John Huston’s “The Mackintosh Man” is perhaps the first anti-spy movie, in the sense that there have already been anti-Westerns and anti-gangster movies. But it isn’t anti in the same spirit. “The Wild Bunch” grew out of an appreciation of the history of Westerns, and “Bonnie and Clyde” grew out of a keen sense of the role gangster movies played in the events and fantasies of the 1930s. But “The Macintosh Man” seems to have been made by a group of people with no sympathy or understanding for spy movies.

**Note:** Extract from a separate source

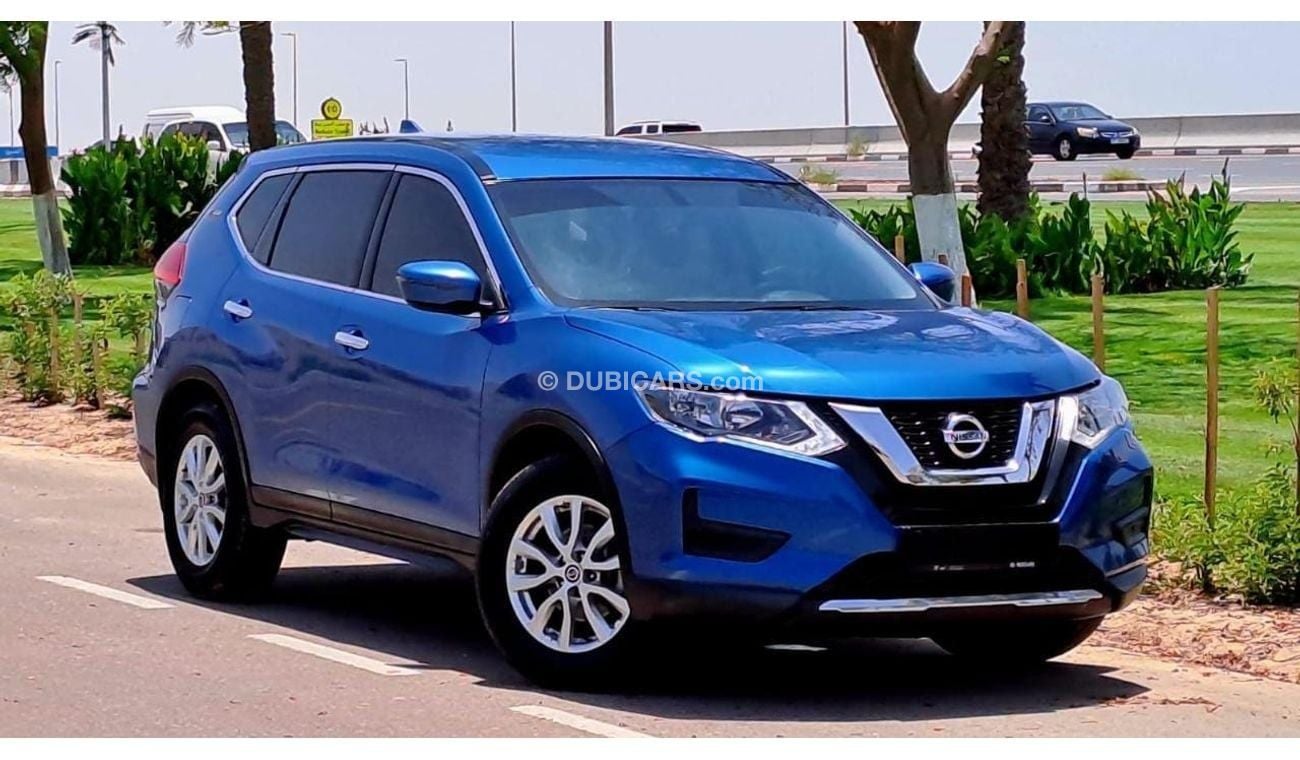 Nissan XTrail S 2.5L FWD (7 Seater) 2.5L GCC (980/-MONTHLY) Agency Maintained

There are basically two kinds of spy movies. The first gives us a committed spy working against great odds (“Notorious”), and the second gives us the cynical spy who realizes that ideology is dead and spying is after all only a professional exercise (“The Ipcress File,” in some ways). The funny thing about “The Mackintosh Man” is that its central character doesn’t seem to be either kind of spy; as played by Paul Newman, he isn’t fish nor fowl, and may even be vegetable or mineral. Newman plays an agent of British counterintelligence, I guess. Guesswork is necessary because the screenplay is almost criminally messy and leaves us with more questions than it resolves. By reading between the scenes and making, a few wild surmises, I’ve been able to come up with a plausible scenario in which Newman’s job is to catch a counterspy played by James Mason. And he has the help of Dominique Sanda and Harry Andrews, who are daughter and father (perhaps) and are either counterintelligence themselves, or are jewel thieves. The movie is irritating in its refusal to make things clear; if spy movies are going to work like clockwork, they have to be put together with some care. Huston’s sloppiness here is in direct contrast to the craftsmanship of another veteran, Fred Zinnemann, in the recent “The Day of the Jackal.” If the characters aren’t interesting and the story doesn’t make sense (and the car chase is only average), what the movie finally becomes is a rip-off. It’s discouraging, in a way, to go to a movie expecting to settle for mere entertainment and be robbed even of that.
The movie cheats us in another way, too. I was discussing it the other day with Carol White (a local free-lance movie critic who will be reviewing for The Sun-Times while I’m on vacation) and she said, you know what? At least Huston could have given us a little romance. To put Paul Newman and Dominique Sanda in the same movie and not even hardly let them kiss is, shall we say, frustrating. Particularly in a movie where almost nothing else happens either.